Bauxite residue, which is a solid waste generated during the production of alumina, contains significant amounts of iron (Fe) and titanium (Ti) resources. The large-scale utilization of bauxite residue has become an urgent concern from both an environmental and resource perspective. In this study, a calculation of phase diagram (Calphad) was conducted to analyze the changes in mineral phases during the direct reduction process of both the current and reductive Bayer bauxite residue. Additionally, a comparison experiment was performed to investigate the enrichment and separation characteristics of iron and titanium minerals.
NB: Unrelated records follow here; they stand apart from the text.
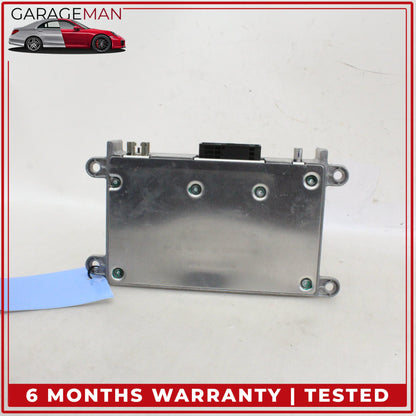 2006-2014 Mercedes X164 GL550 Voice Communication Control Module Unit OEM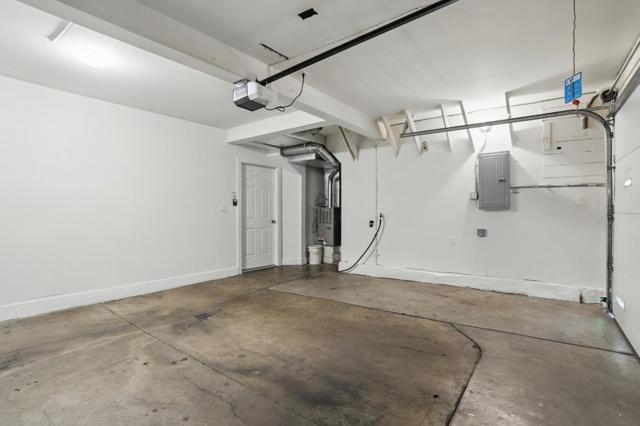212 Sweeny Street, San Francisco CA: https://media.crmls.org/mediaz/6165fcd6-786b-484f-bb20-f901ba2aebec.jpg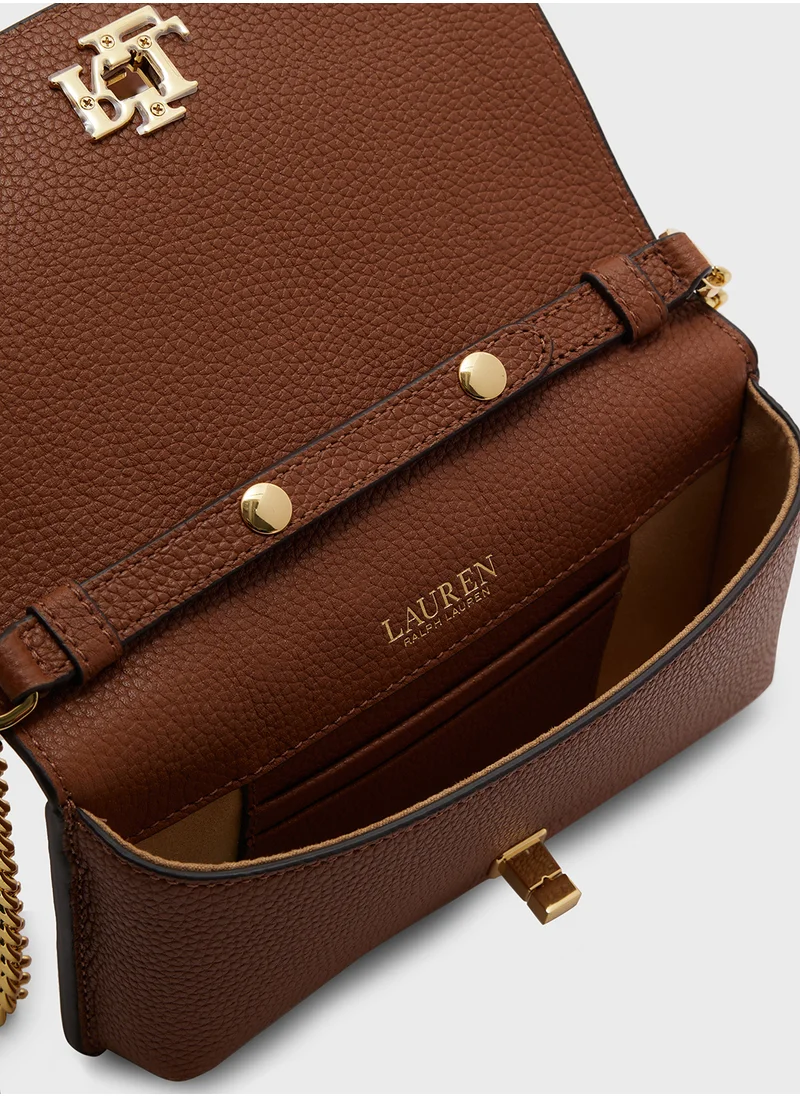 Lauren Ralph Lauren TRNLK PH BG-TECH CASE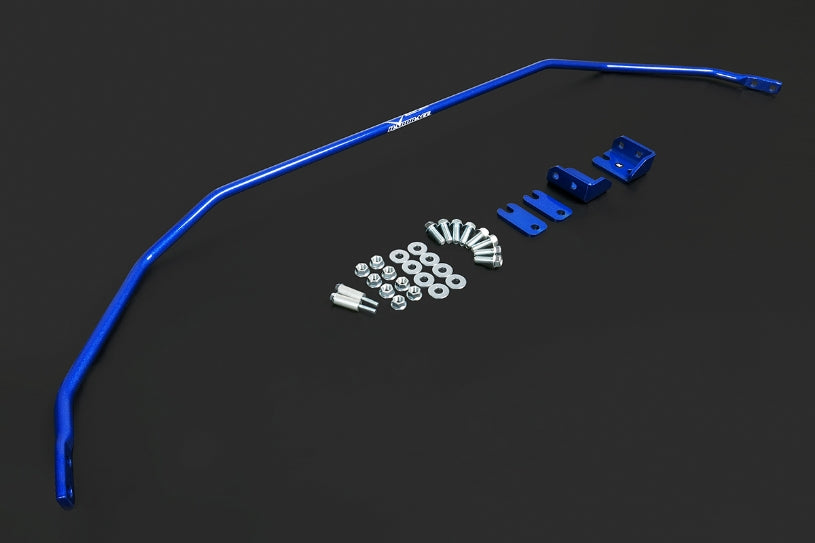 Задна добавка стаб. щанга Mazda 3 / AXELA 4th BP 2019-2024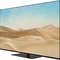 Телевізор Nokia Smart TV 5500D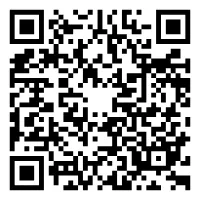 报名二维码.webp.png
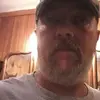 earlshaffer775 - @earlshaffer775 - TikTok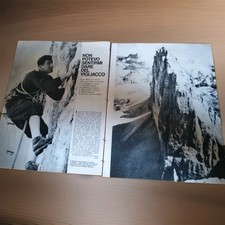 CESARE MAESTRI GRAN CIMA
The results indicated that during the carbon thermal reduction process, titanium existed as CaTiO3 and Na-Al-Si-Ti molten phase slag in the current and reductive Bayer bauxite residue, respectively. Furthermore, NaFeO2 was observed in the latter slag phase, which facilitated the migration and reduction of iron-containing minerals. The reductive Bayer bauxite residue was carbon thermal reduced for 1 h at a temperature of 1200 °C, with the addition of 7.5% Na2CO3. Following grinding and separation under a magnetic field strength of 0.08 T, the iron grade of the concentrate, iron recovery, and TiO2 grade in the tailing increased to 95.30%, 98.40%, and 50.50%, respectively. This was in comparison to the bauxite residue from current Bayer digestion, which showed values of 78.90%, 87.18%, and 14.87% under the same conditions. The findings of this work contribute to the potential utilization of iron and titanium present in bauxite residue from a modified Bayer digestion process.